### PROBLEM REQUIREMENTS
Write the entries out again exactly; any picture among them gets left out.

(Caption-style text data)
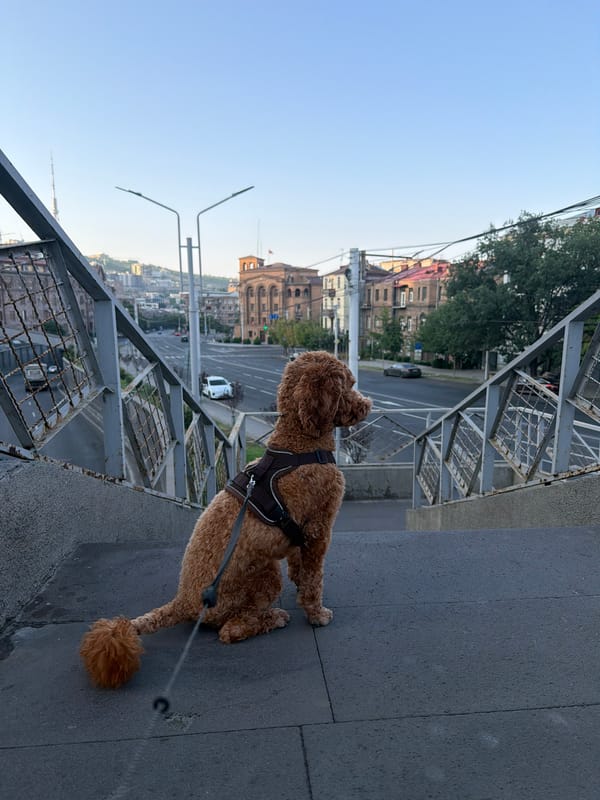 Poodle on a pedestrian overpass surveys the cityscape below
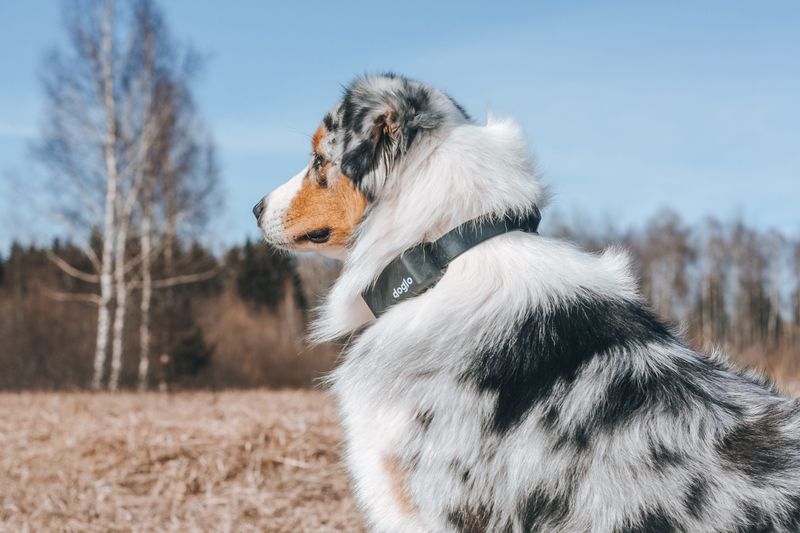 Australian Shepherd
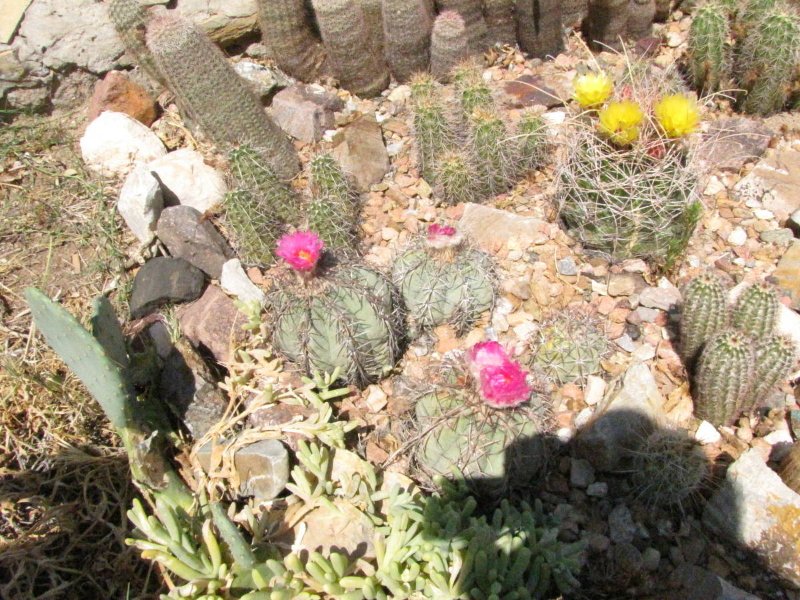 Echinocactus horizonthalonius8.JPG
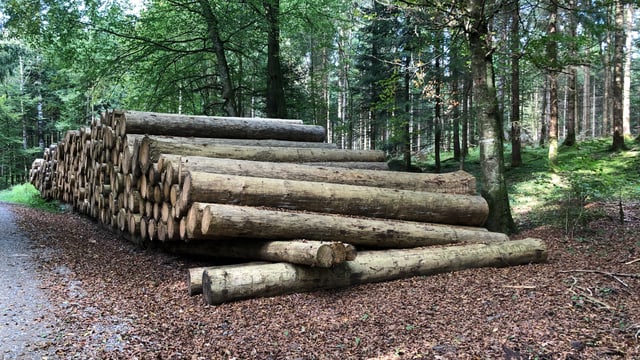 Holzstämme ohne Rinde liegen in einem Wald bereit. Holzstämme ohne Rinde liegen in einem Wald bereit.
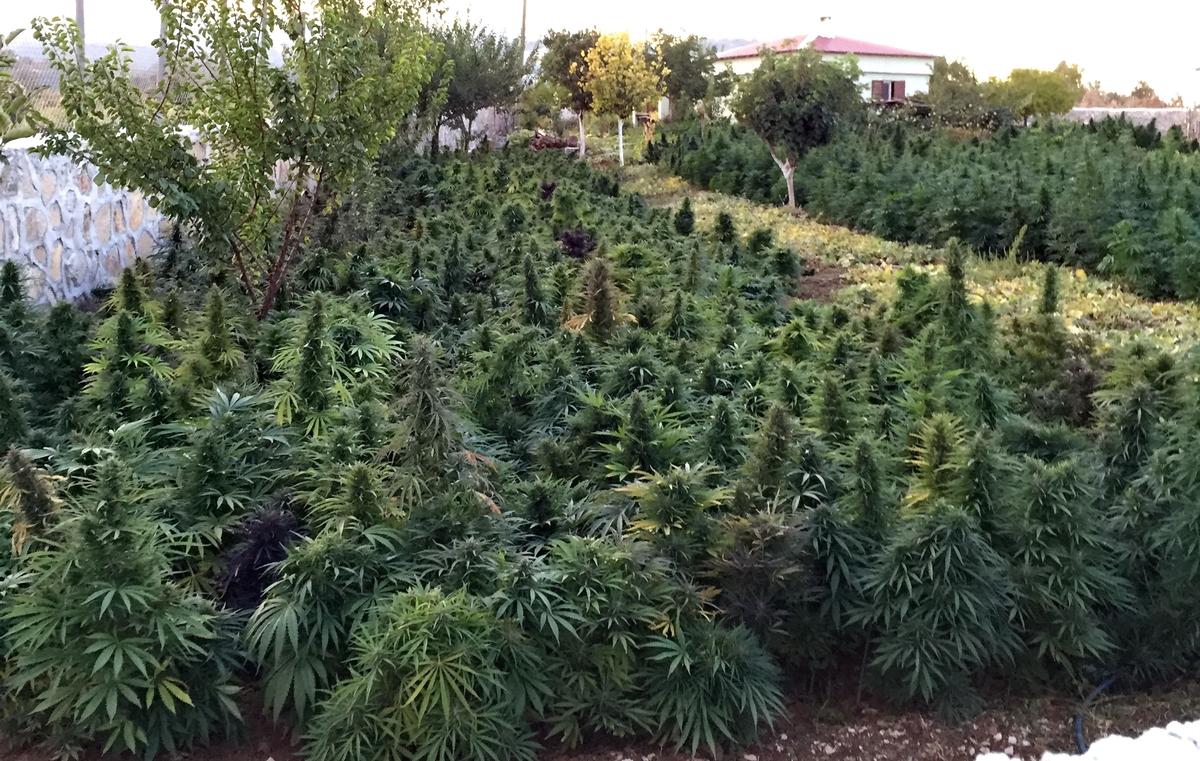 Lice'de PKK'ya büyük darbe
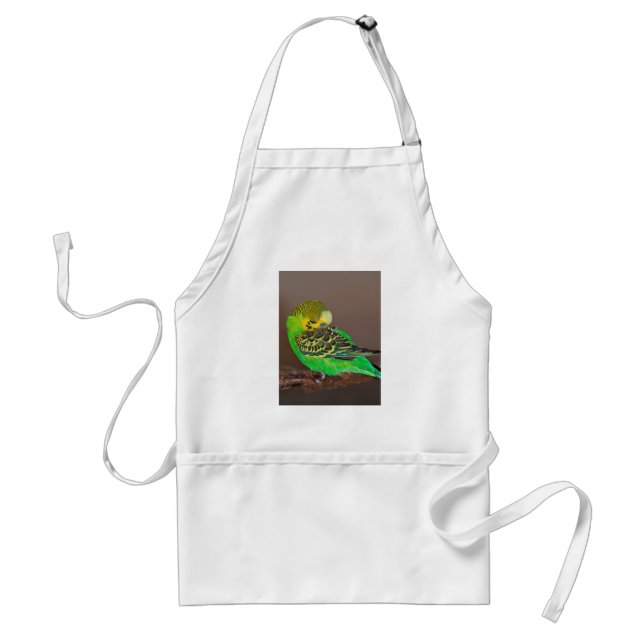 Snoozing Budgie Apron Schürze (Vorne)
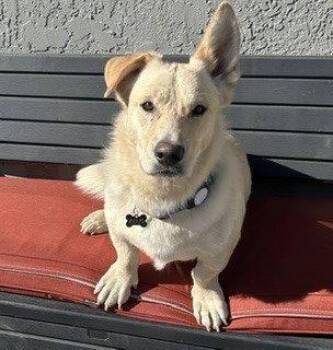 Twinkie -  Cardigan Welsh Corgi and Basset Hound Dog for Adoption in Petaluma, California - Twinkie | PetCurious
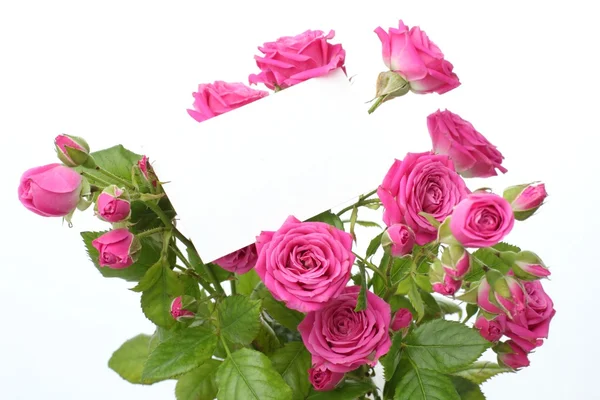 Zarte rosa Rosen — Stockfoto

### EXERCISE RESULT
 Poodle on a pedestrian overpass surveys the cityscape below
 Australian Shepherd
 Echinocactus horizonthalonius8.JPG
 Holzstämme ohne Rinde liegen in einem Wald bereit. Holzstämme ohne Rinde liegen in einem Wald bereit.
 Lice'de PKK'ya büyük darbe
 Snoozing Budgie Apron Schürze (Vorne)
 Twinkie -  Cardigan Welsh Corgi and Basset Hound Dog for Adoption in Petaluma, California - Twinkie | PetCurious
 Zarte rosa Rosen — Stockfoto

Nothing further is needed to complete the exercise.